Protokoll der Sitzung vom 24.01.2019

Für die Fraktion DIE LINKE hat jetzt das Wort Frau Oldenburg.

Ehe Frau Oldenburg ihr Wort nimmt – Sie können gerne schon vorkommen –, möchte ich gerne neue Besucherinnen und Besucher begrüßen. Das sind Schülerinnen und Schüler des RecknitzCampus in Laage. Herzlich willkommen!

Bitte, Frau Abgeordnete.

Frau Präsidentin! Sehr geehrte Damen und Herren! In Mecklenburg-Vorpommern fehlen nicht immer nur ausgebildete Lehrerinnen und Lehrer – von Jahr zu Jahr mehr – im Unterricht, sondern fehlen auch von Jahr zu Jahr mehr Schüler im Unterricht. Besonders dramatisch gestiegen ist die Zahl nach dem Auslaufen des Bundesprogrammes „Schulverweigerung – Die 2. Chance“, und das war Ende des Schuljahres 2013/2014.

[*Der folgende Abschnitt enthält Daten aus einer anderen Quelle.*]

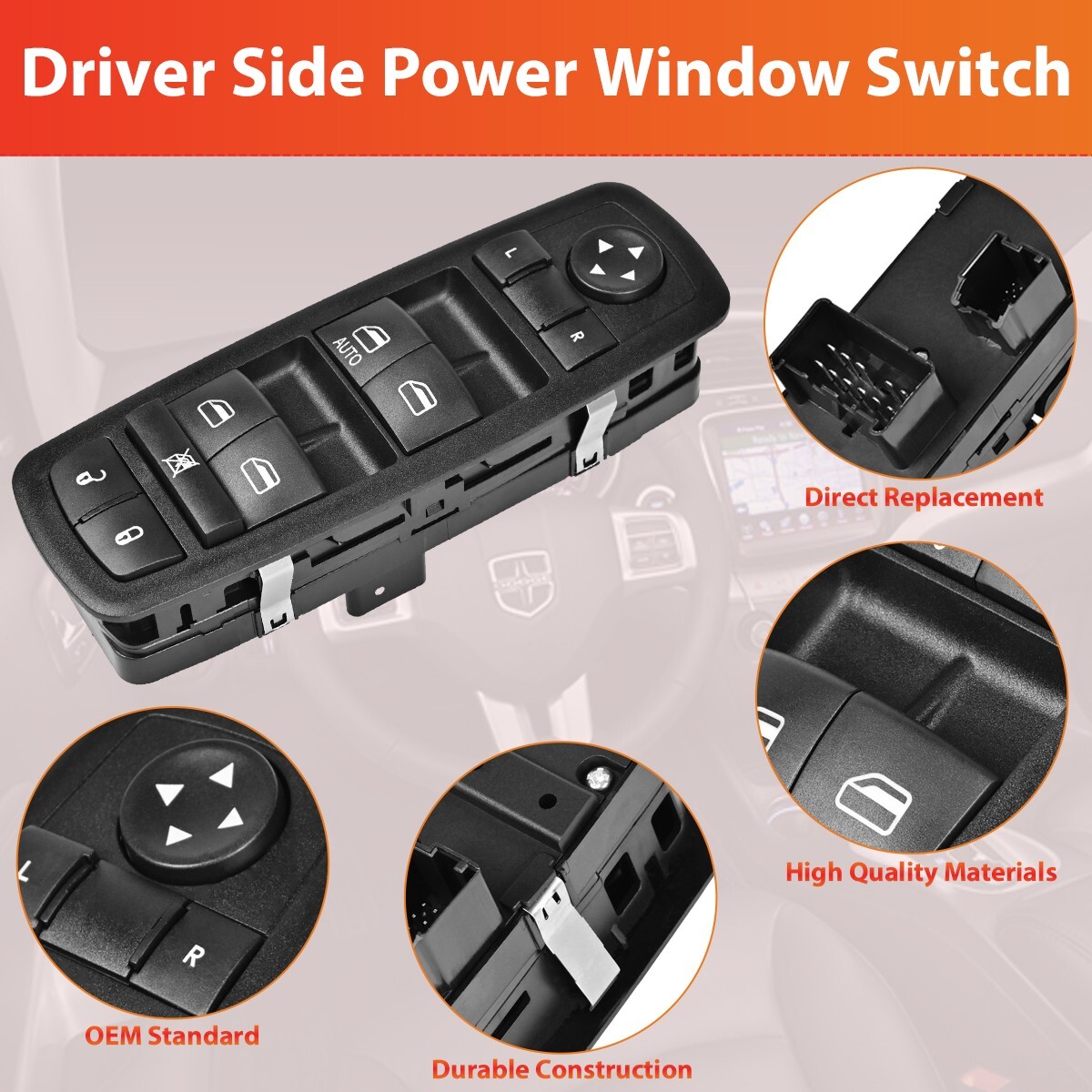 Driver Side Master Power Window Switch 68084001AD for 2011-2016 Dodge Journey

Das, sehr geehrte Damen und Herren von der Koalition, hätte vermieden werden können, denn anderthalb Jahre vor dem Auslaufen des Bundesprogrammes fragte ich die Landesregierung, was sie unternimmt, um die drohende Misere – es war nämlich abzusehen – abzuwenden, aber das Sozialministerium sah überhaupt keine Handlungsnotwendigkeiten. Hier lag dann wohl das Motto zugrunde: Wer nicht da ist, der stört auch nicht.

Die Landesgruppe Mecklenburg-Vorpommern „Schulverweigerung – Die 2. Chance“ sowie die Landtagsfraktionen erhielten im August 2013 ein Schreiben, aus dem ich zitieren möchte: „Ihre Sorge, dass durch das Auslaufen

des Programms ‚Schulverweigerung – Die 2. Chance‘ es uns allen nicht gelingen wird, diese Jugendlichen zu erreichen, kann ich sehr gut nachvollziehen. Sie ist jedoch unbegründet, da sich auch die Landesregierung mit dem Problem intensiv befasst.“ Ende des Zitats.

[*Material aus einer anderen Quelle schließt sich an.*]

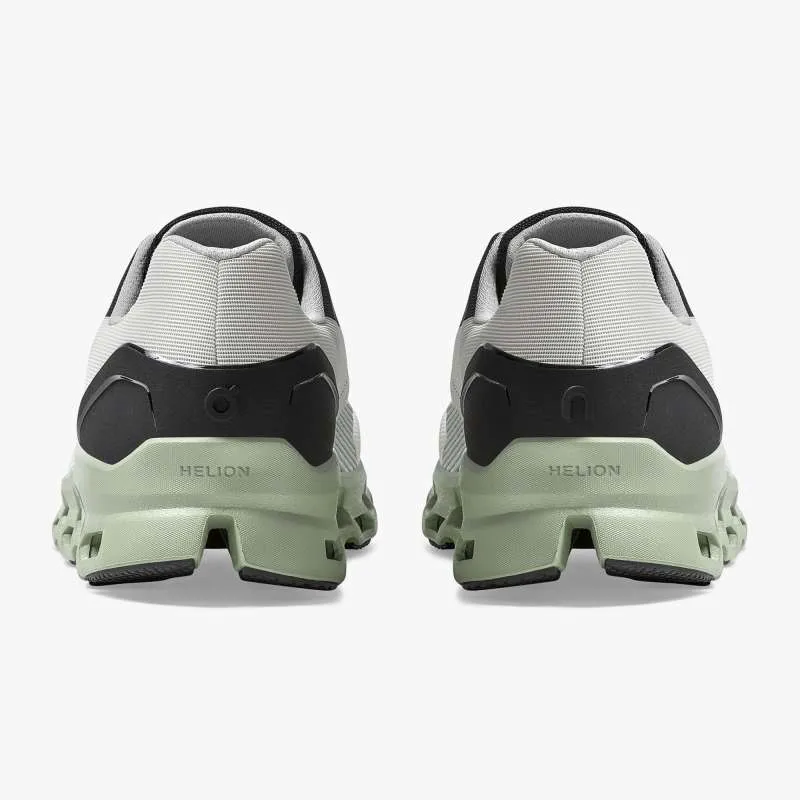 On Cloudstratus V2 Road Running Shoes - White Green Black-4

Die damalige Sozialministerin und heutige Ministerpräsidentin, die diesen Brief verfasste, hat sich gewaltig geirrt, denn die Landesregierung hat sich weder überhaupt noch intensiv mit diesem Problem befasst. Es ist ihr nicht einmal gelungen, die damals schon hohe Anzahl der Schulschwänzer zu überzeugen, wieder am Unterricht teilzunehmen. Es ist ihr auch nicht gelungen, wenigstens die Anzahl der Schulschwänzer auf gleichem Niveau zu halten. Nur eins ist ihr gelungen: Sie hat es geschafft, dass die Zahl der Schulschwänzer um 70 Prozent – um 70 Prozent! – gestiegen ist nach dem Auslaufen des Bundesprogramms. Und damit ist bewiesen, dass die Sorge sehr wohl berechtigt war, damit ist bewiesen, dass die Einschätzung von Frau Schwesig falsch und sogar fatal war, und es ist bewiesen, dass die Landesregierung in diesem Bereich den Ernst der Lage nicht erkennt.

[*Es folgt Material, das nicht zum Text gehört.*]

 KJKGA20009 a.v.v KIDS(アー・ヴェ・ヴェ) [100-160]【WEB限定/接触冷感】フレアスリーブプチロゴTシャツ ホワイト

Sehr geehrte Damen und Herren, im Juli 2016 kündigte Minister Brodkorb dann ein 7-Punkte-Programm gegen Schulschwänzen an. Da haben Sie schon mal drei Jahre, wo gar nichts irgendwo gegriffen hat. Es sollten jetzt also sieben auf einen Streich werden und dazu gehörten unter anderem eine verbesserte Dokumentation, konsequente pädagogische Maßnahmen und auch die polizeiliche Zuführung. Das nennt man wohl „alten Wein in neuen Schläuchen“, denn schon immer gab es all die genannten Maßnahmen, die jedoch zu keinem Erfolg geführt haben.

Und so ist es dann wohl auch zu erklären, dass die Landesregierung selbst nicht daran geglaubt hat, hiermit den großen Wurf zu finden. Sie scheute sich regelrecht, diese alten neuen Punkte in die Tat umzusetzen, und wartete damit über ein Jahr ab. Erst im September 2017 gab das Bildungsministerium in einer Pressemitteilung bekannt, ich zitiere: „Schülerinnen und Schüler, die im neuen Schuljahr“, also 2017/2018, „unentschuldigt fehlen, müssen mit Konsequenzen rechnen.“ Ende des Zitats.

Oh, oh, oh! Vorher gab es wohl keine Konsequenzen? Doch, gab es auch, hat aber alles keine Wirkung gezeigt. Und weil dann nun in so eine Pressemitteilung auch irgendwie alles rein muss, wiederholte die Regierung alles bereits Bekannte, die alten Ankündigungen wurden erneut angekündigt und man beschrieb ausführlich die Maßnahmen, die es seit über 25 Jahren gibt. Was allerdings neu war, ist ein Handlungsleitfaden – von dem hörten wir schon – zum Umgang mit Schulabsentismus. Die Furcht vor diesen 71 Seiten – 71 Seiten Handlungsempfehlung! – soll nun also die Schülerinnen und Schüler davon abhalten zu schwänzen. Wie man an den Zahlen ablesen kann, hat das richtig gut geklappt, denn Schulschwänzen ist derart in Mode gekommen, dass der Anteil der Schülerinnen und Schüler in den letzten fünf Jahren von 2,8 auf 4,2 Prozent gestiegen ist.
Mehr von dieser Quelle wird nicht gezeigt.